If you've ever flown before or seen a military aircraft, you probably don't think twice about the paint job.

But, for more than a dozen people who work in our area, painting planes is part of their daily lives. It's a job they can't get anywhere else in the country.

"All the aircraft that come in and out of the Sioux City paint facility have been across the globe. Their home units are based in the United States, but they have deployed worldwide," Lt. Col. Shawn Streck, 185th Maintenance Squadron Commander, said.

The experts based at the 185th only paint fighter jets, and once one touches down on this runway, it's immediately brought in to start the scuffing and sanding process. This prepares it for the paint job.

"We move it in to the paint booth by the end of the week. And, then the first thing the following Tuesday, the aircraft gets wiped down and gets primed and painted with the first coat. And, the remaining coats come in successive days after that," Paint Facility Operations Manager Dave Miller said.

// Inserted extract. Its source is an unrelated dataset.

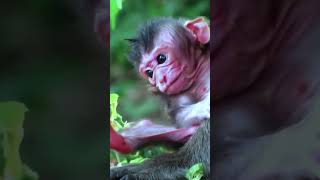 This Newborn Monkey Will Melt Your Heart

A member of the Air National Guard for 38 years, and working at the paint facility for four, Dave Miller said the job never gets old.

"It's seeing the uniqueness of some the projects we do and just being in awe day to day of what these painters can do with these aircrafts," Miller said.

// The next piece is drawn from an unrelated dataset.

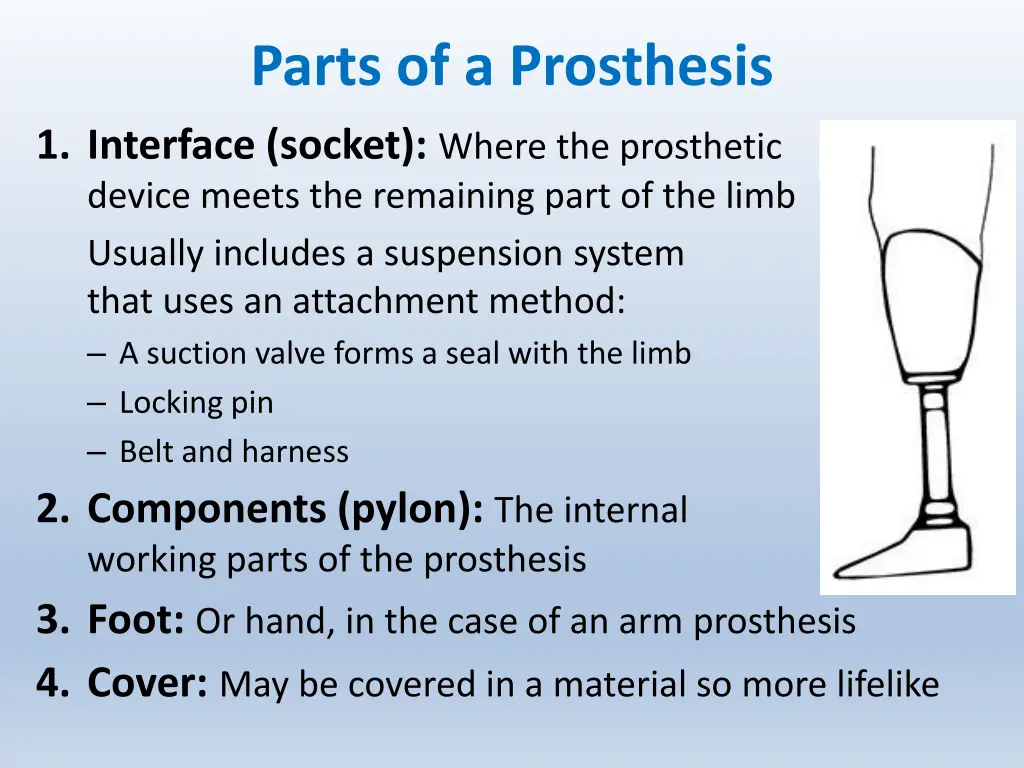 parts of a prosthesis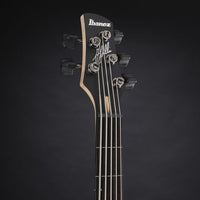 Ibanez GWB205 TQF Fretless Gary Willis Bajo Eléctrico 5 Cuerdas Tequila Sunrise 8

The paint facility team is diverse,  and includes a member of the Army who served two tours in Afghanistan, an auto expert, and seven members of the Air National Guard, who have all served overseas. Miller said the painters must follow specific paint schemes for each aircraft.

"They have essentially a paint map that we follow. They all have their own paint scheme based on the MDS, mission design series," Miller said.

This means the fighter jets, including F-15s, F-16s, and A-10s, that are brought to this facility must be up to code and there's no room for error.

"Painting the aircraft ensures that the corrosion potential is inhibited on the airframe. Obviously, metal corrodes, and whenever you paint that metal, it prevents that potential for corrosion," Miller said.

Most of the planes that come in and out of this facility are from the '70s and '80s. Miller said the F-16 was built as a multi-role fighter, which can be used for many purposes, such as "air to ground," "air to air," and training pilots.

"Air to ground means dropping bombs. Air to air is shooting missiles at other enemy aircrafts," Miller said.

The paint process is a quick one. Once the work is done, the fighter jets are back in action protecting our freedom within three weeks of touching down here at the Air National Guard Paint Facility.

Painters based at the 185th have painted 600 aircraft since the facility opened in 2000. Those who work there said the program has saved the Air National Guard more than $39-million because painting doesn't have to be outsourced to other institutions. 

The 185th Iowa Air Guard, where the paint facility is based, doesn't fly fighter jets at their base anymore.

Instead, they only fly KC-135s, but they do use those to refuel jets.